The Man Who Spoke Style to Truth

  • TED THAI FOR TIME

    LUCID LOOK: The photographer at rest in his Montauk, N.Y. house

    Richard Avedon, who died last week at 81, used the camera as an all-terrain vehicle. The terrain he crossed was the human form, the social fabric and that permanent terra incognita, the human face. A man so stylish could never escape being dismissed as merely stylish, as though he weren't quite worthy of the name artist. Yes, his black-and-white portraits against a stark white background made the truth seem hip. All the same, you only had to stand before his unblinking portrait of President Dwight Eisenhower, a dwindling old warrior. If art is a word we use to describe things that tell us what we must know, about life and time and death, art was the only word that would do.

    Before he became a man capable of taking those pictures, Avedon transformed fashion photography. Certainly he knew about elegance. His portrait of Marella Agnelli, with its plain sources in the swan-necked women of 16th century Mannerism, tells you that.

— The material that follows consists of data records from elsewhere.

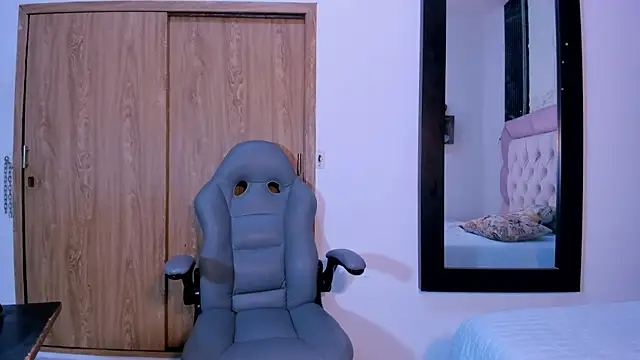 Snapshot of Faver_ chatting on 11.01.25 Faver online show from 11.01.25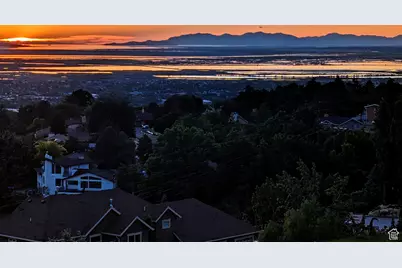 1735 S Temple Ct #203, Bountiful, UT 84010 - Photo 8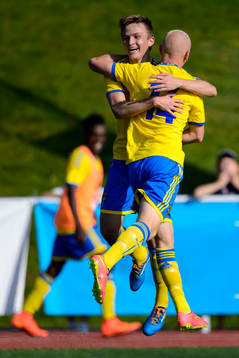 Sveriges Oscar Krusnell och Max Olsson firar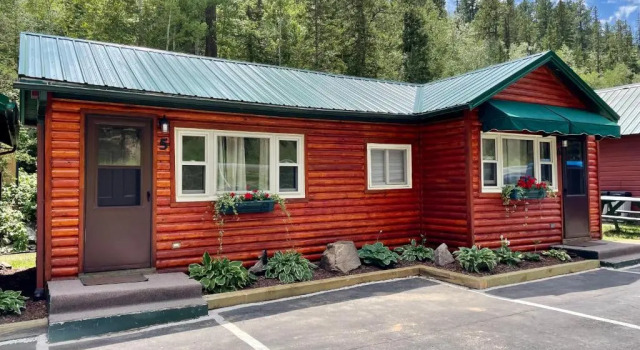 Бунгало Deluxe Whitetail Creek Camping Resort
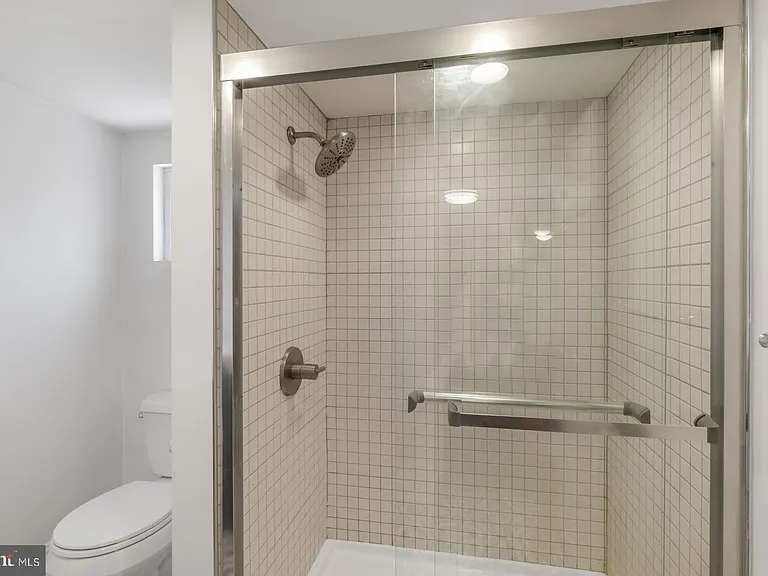 2564 Collins St — Photo 22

But in the pages of Harper's Bazaar and Vogue he undid decades of the simply fashionable. What he offered in place of the chic was cheek. In one giddy series of pictures from 1962, he had Suzy Parker, one of the first supermodels, high-stepping it around Paris with Mike Nichols, a funny young couple on the run, at a time when fashion photography was still largely a matter of subdued, immobile poses. By the time he photographed Penelope Tree in midair, midair seemed like the natural place for anybody to be.

    Avedon was also a peerless celebrity photographer. He knew that every portrait was a performance but that the performance could be a passage to something true. His picture of an exhausted, tentative Marilyn Monroe is an essential window into the sum of her predicaments. His shot of Charlie Chaplin making devil's-horns at the camera is an object lesson in economical wit. Accusations of communist sympathies were pushing Chaplin away from America; Avedon gives us the funnyman trying on his new role, the bogeyman.

    Avedon had started his career in the merchant marine, taking identity card shots. Years later, the bare format of an ID became an inspiration for his mature portrait style, one of the great aesthetic insights of the 20th century. It consisted of high-focus inspection of unsmiling faces against an arctic-white background. Under that light, the body capitulates. Every line and facial sag announces itself. He used that approach to photograph everyone from Abbie Hoffman to Rose Kennedy. But these pictures were not cruel. They were fearless, lucid and unsentimental. As a fashion photographer, Avedon took human vanity to heights even human vanity never dreamed of. As a portraitist, he brought us all back down to earth.